Westernkenner wissen, wie die Sache weitergeht: Nach einem blutigen Showdown mit unzähligen Toten siegt das Recht.

So sehr uns die eigene Familie, Freunde und Kollegen auch am Herzen liegen mögen, unsere moralischen Entscheidungen sollen jetzt den Ansprüchen der Allgemeinheit standhalten. Den Freund also doch verraten? Recht und Gesetz machen unsere Moral nicht unbedingt freundlich und liebenswert, sondern manchmal auch kalt und herzlos.

5. Postkonventionelle Moral

Die Orientierung an der sozialen Norm, am Gesetz oder der Pflicht kann natürlich auch falsch sein.
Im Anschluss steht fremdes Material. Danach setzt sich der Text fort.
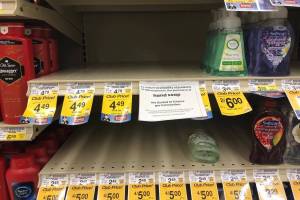 Hand sanitizer was out of stock at Kenai Safeway and at other local stores on the Kenai Peninsula on Friday, March 13, 2020, in Kenai, Alaska. (Photo by Victoria Petersen/Peninsula Clarion)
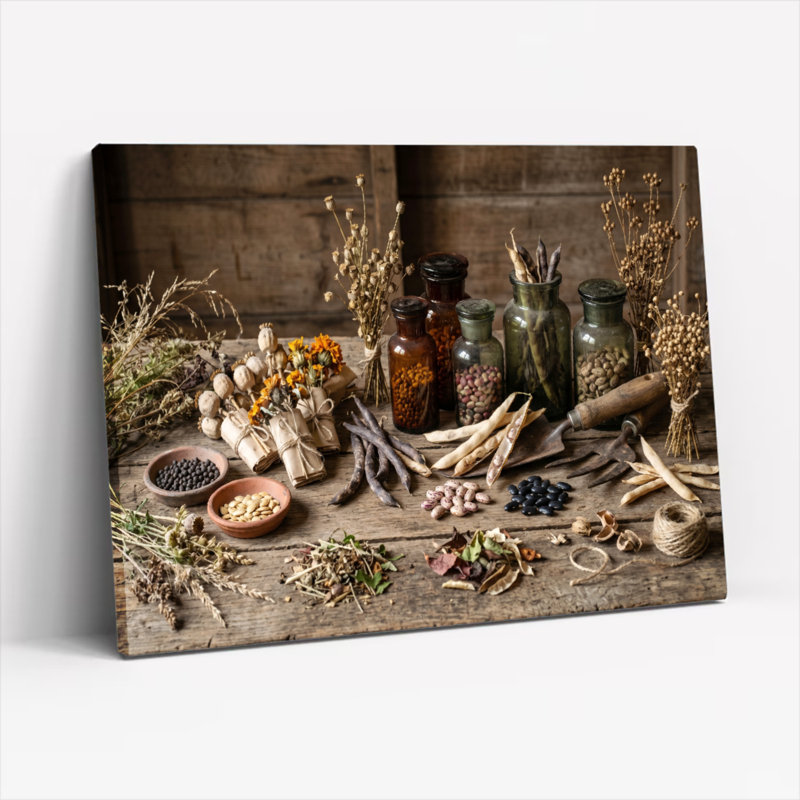 Ensemble de 1 tableau sur toile représentant une nature morte à base de plantes, 16"H x 24"W, Toile tendue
Die jüngere deutsche Geschichte hat hierzu viele Beispiele parat, von den Unrechtsurteilen der Nazizeit bis zu den DDR-Belobigungen für „Mauerschützen“. Können wir eine dem Gesetz übergeordnete Perspektive einnehmen, mit der wir erkennen, wann die Anwendung von Recht zu Unrecht führt? Diese Fähigkeit erwarten wir von unseren Verfassungsrichtern und hoffentlich auch von uns selbst. Dieser Schritt von der „konventionellen“ zur „postkonventionellen“ Moral gelingt uns – wenn überhaupt – erst spät und kann durchaus als Merkmal des Erwachsenseins aufgefasst werden.

 

Anmerkungen:

Dieser Beitrag ist in einer früheren Version in der Evangelischen Kirchentageszeitung vom 1.5.2013 erschienen. Ich danke der Redaktion, dass ich die Inhalte hier im Blog verwenden darf!
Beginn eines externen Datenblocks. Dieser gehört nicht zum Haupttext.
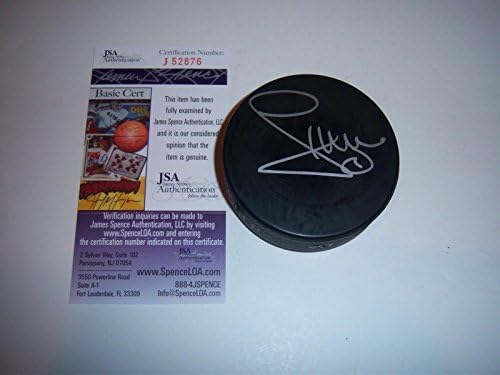 Йохан Хедберг Ню Джърси Дэвилз, Хокейна шайба, с автограф от JSA / coa - за Миене на НХЛ с автограф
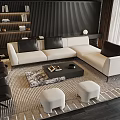 Modern Sofa Coffee Table Interior With Black Cushions And Ottomans On Patterned Rug 3d model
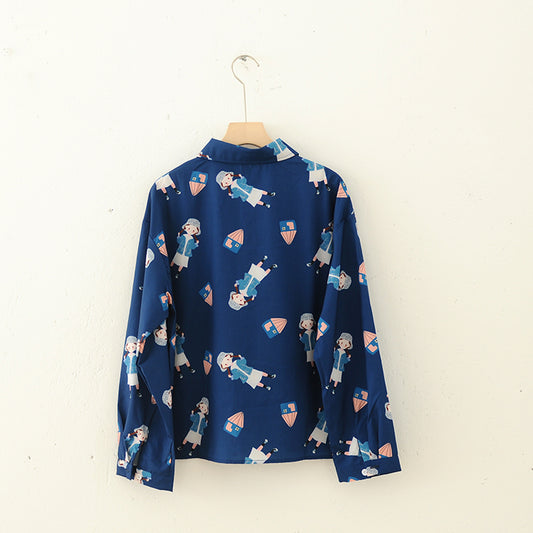 Blusa Estampada Colegiala de Chifón Azul Marino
Die hier skizzierten fünf moralischen Urteilsstufen beziehen sich auf die Theorie der moralischen Urteilsentwicklung des amerikanischen Psychologen Lawrence Kohlberg (1927–1987). Eine ausführliche kritische Darstellung dieser Theorie findet sich z. B. in meinem Buch „Einführung in die Moralpsychologie“, Weinheim: Beltz, 2008.